But many big, sophisticated investors are comfortable with risk, as long as the potential rewards look attractive enough; long-term growth is the goal.
On that count, bitcoin’s market capitalization has grown 11-fold since the end of 2016 to $173.7 billion. Over the same period, Goldman’s own market cap has fallen to $69 billion from about $95 billion.
Jill Carlson, co-founder of the Open Money Initiative and an investor in early-stage startups with Slow Ventures, wrote Thursday in an op-ed for CoinDesk that Goldman’s report contained so many flaws that “it’s not worth detailing every misconception or failed bit of logic.” According to her LinkedIn profile, she worked as a credit trader at Goldman in the early 2010s.
That representatives have not adequately articulated the “defining attributes and uses of this paradigm-shifting technology” might be a fault of the crypto industry, Carlson added.

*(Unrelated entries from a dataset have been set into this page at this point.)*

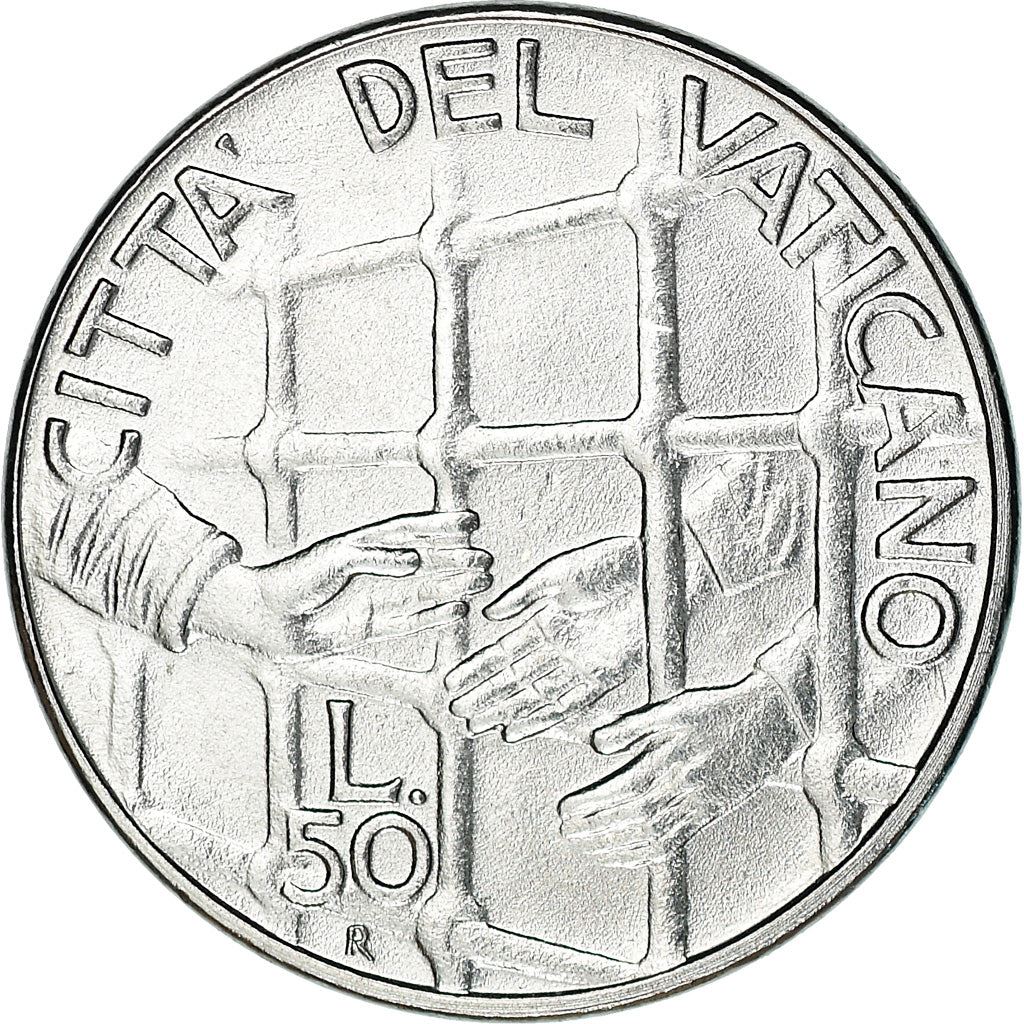 Vatican City | 50 Lire Coin | John Paul II | Km:254 | 1994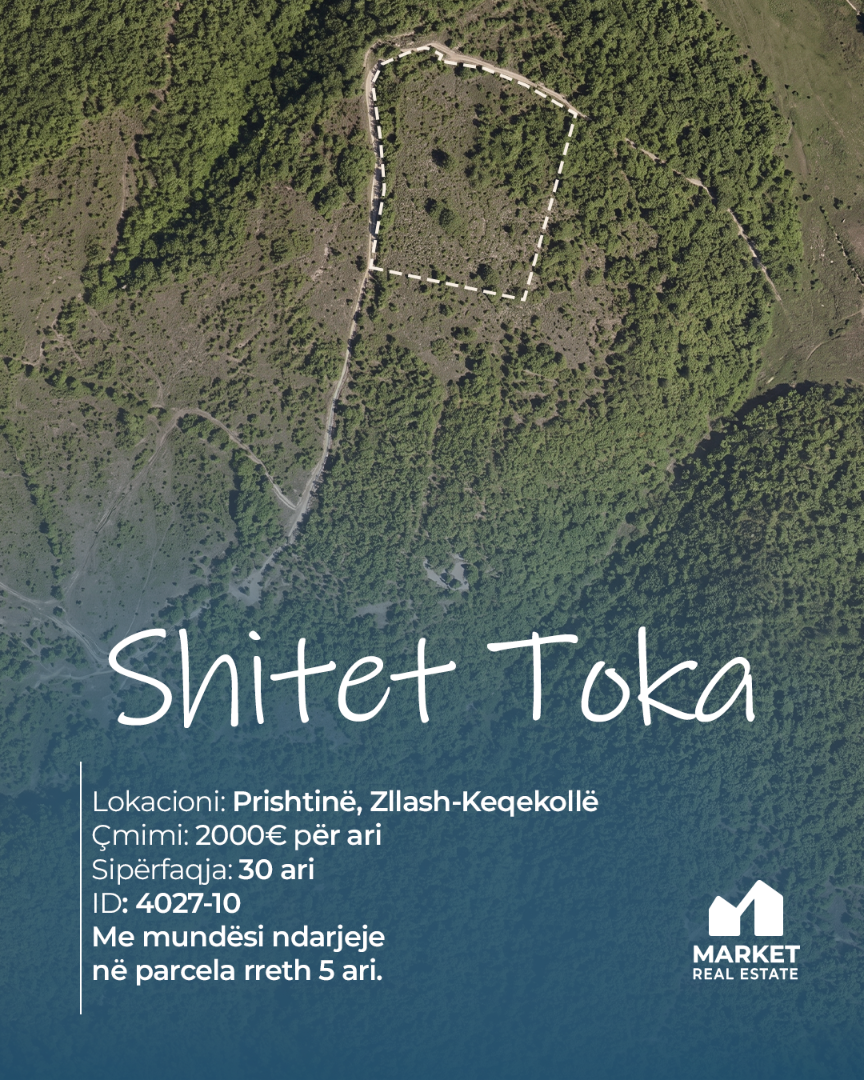 Tokë në Shitje 30 Ari në Zllash, Prishtinë tokë në Prishtinë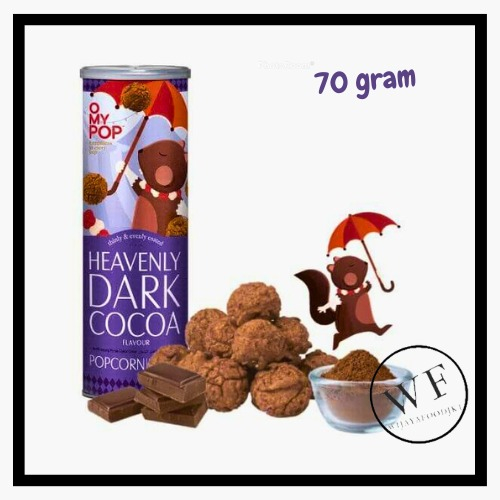 

Omypop Popcorn Dark Cocoa Toples / Popcorn rasa cokelat 70grm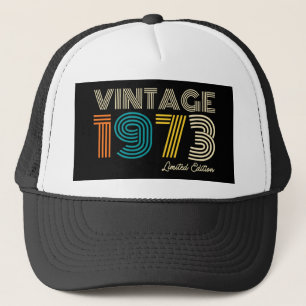 Vintage 1973 Limited Edition 50th Birthday Trucker Hat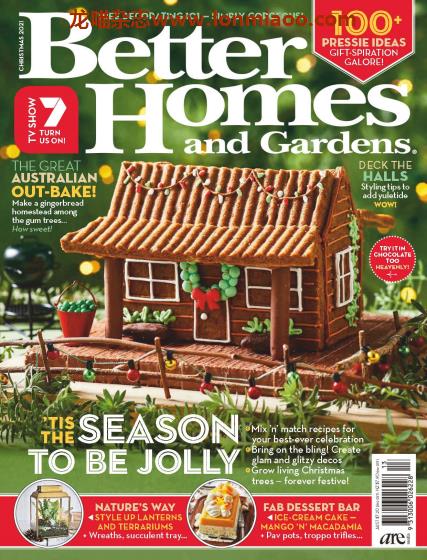 [澳大利亚版]Better Homes and Gardens 美好家园生活杂志 Christmas 2021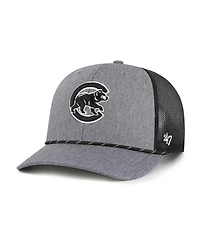 '47 Brand Men's Charcoal Chicago Cubs Carbon Rope Trucker Adjustable Hat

Facebook CEO Mark Zuckerberg, addressing questions about the proposed libra stablecoin at an annual shareholder meeting on Wednesday, noted how slow the traditional financial system had been to upgrade the plumbing behind payments.
The infrastructure around payments “hasn’t been updated in a very long time,” Zuckerberg said.
The broader question might be whether Goldman risks falling behind a fast-evolving digital-asset industry that, by some accounts, aims to disrupt Wall Street and potentially displace it.
Or if the firm’s clients risk missing out on a big rally, with quick-to-pivot Wall Street eventually embracing cryptocurrencies as a promising asset class.
Those clients have certainly missed out on the rally so far this year.
Trend: While bitcoin has gained over 8% so far this week, it’s still lacking clear directional bias.
Prices are yet to move out of a symmetrical triangle pattern on the daily chart represented by trendlines connecting the May 10 and 25 lows, and May 7 and 18 highs.
A break above the upper end of the contracting triangle, currently at $9,780 would imply a continuation of the rally from the March low of $3,867 and could lead to a convincing move to the February high of $10,500.
On the other hand, a UTC close below the lower end of triangle at $8,782 would confirm a bullish-to-bearish trend change. That could cause more sellers to join the market, leading to a deeper price decline toward $8,000.
Both the falling wedge breakout and invalidation of a lower-highs setup confirmed earlier this week on the four-hour chart indicate scope for a rise to the triangle resistance at $9,780. Further, demand for bearish bets or put options is weakening, as evidenced by a recent decline in the one-month put-call skew from 22% to 6%.
On-chain activity suggests the big players are accumulating. The number of addresses holding at least 100 BTC rose as prices dipped from $10,000 to $8,630 in the seven days to May 25, according to data provided by Glassnode. That may be a sign many investors are long-term bullish.
At press time, bitcoin is trading near $9,400, having risen from $8,800 to $9,620 in the last two days.